As someone 1st posted on this site.

Democracy and religion seem to have a problem....




ISRAEL: Rabbinical ruling sparks controversy, racism charges
December 9, 2010 | 10:01 pm
When the Tel Aviv suburb of Bnei Brak, with a large ultra-Orthodox population, banned renting apartments to migrant workers and moved to evict those already living there, it met with mild public objection. When the municipal rabbi of Safed, Shmuel Eliyahu, warned against renting apartments to Arab students in town, again, the response was limited.

But a religious ruling signed by dozens of rabbis banning renting or selling apartments to non-Jews has met with dismay and anger, prompting reaction across the board.

Israeli Prime Minister Benjamin Netanyahu rejected the ruling, saying people would be outraged if the shoe was on the other foot and Jews were barred from renting property anywhere in the world. Moderate rabbis condemn the assault on Judaism and democracy. Yad Vashem, the Holocaust memorial museum and education center in Jerusalem, condemned the ruling as a blow to Jewish values, while Arab lawmakers likened the rabbis to skinheads. Even Amnesty International joined the fray.

The rabbis defend their ruling. It's not racism, it's halacha -- Jewish law -- that prohibits allowing Gentiles a foothold, Rabbi Eliyahu told Israel Radio: "We've seen what happens in mixed towns, our girls are tempted and this leads to assimilation." "We don't want this happening in Safed or anywhere else," he said. Rabbi Dov Volpe was blunter. "State laws contravening halacha count as dust," he said, making clear that the Torah trumps democracy.
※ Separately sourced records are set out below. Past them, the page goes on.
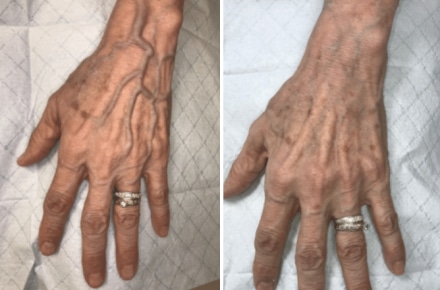 B&A 1 Before and After Hand Vein Treatment Tampa FL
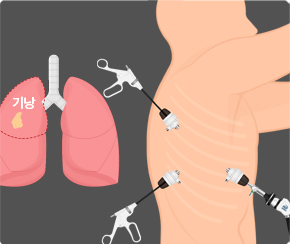 심혈관센터 흉강경폐수술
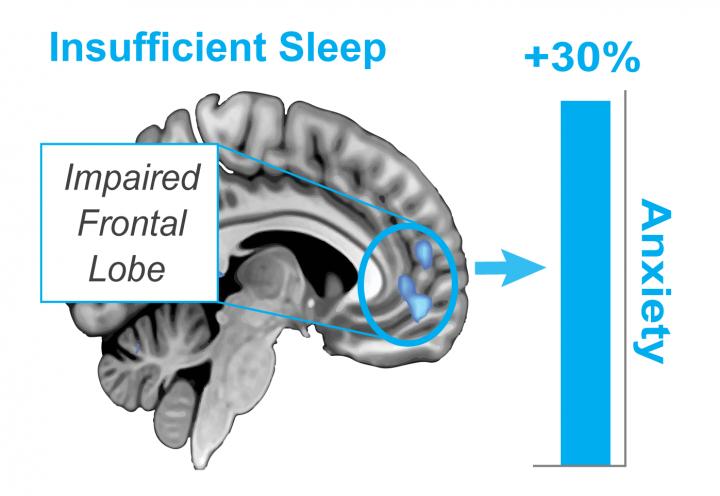 Insufficient Sleep Impairs Frontal Lobe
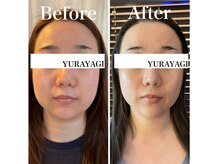 小顔屋ゆらやぎ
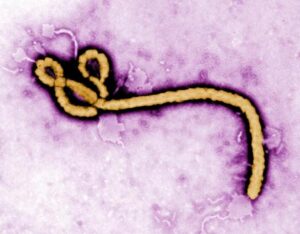 La nueva epidemia de ébola de RD Congo será una de las peores de la historia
Israel has laws against incitement to racism. The fine line between freedom of expression and violation of such laws makes officials wary of enforcing them; additional sensitivities make investigation of rabbis relatively rare. It's not so much the legal aspect as it is the public aspect, says Justice Dalia Dorner, president of Israel's press council, who called the religious decree an "abomination."

As the storm brewed in recent days, many felt one voice was missing from the fiery debate: the legal system. Why isn't the attorney general investigating, people demanded. The answer came Thursday evening, when the legal system responded to a petition by left-leaning lawmaker Ilan Gilon. The statement from the attorney general's office acknowledged the rabbis' statements were "problematic in several aspects" and "inappropriate for public officials" and that possible criminal aspects would be examined.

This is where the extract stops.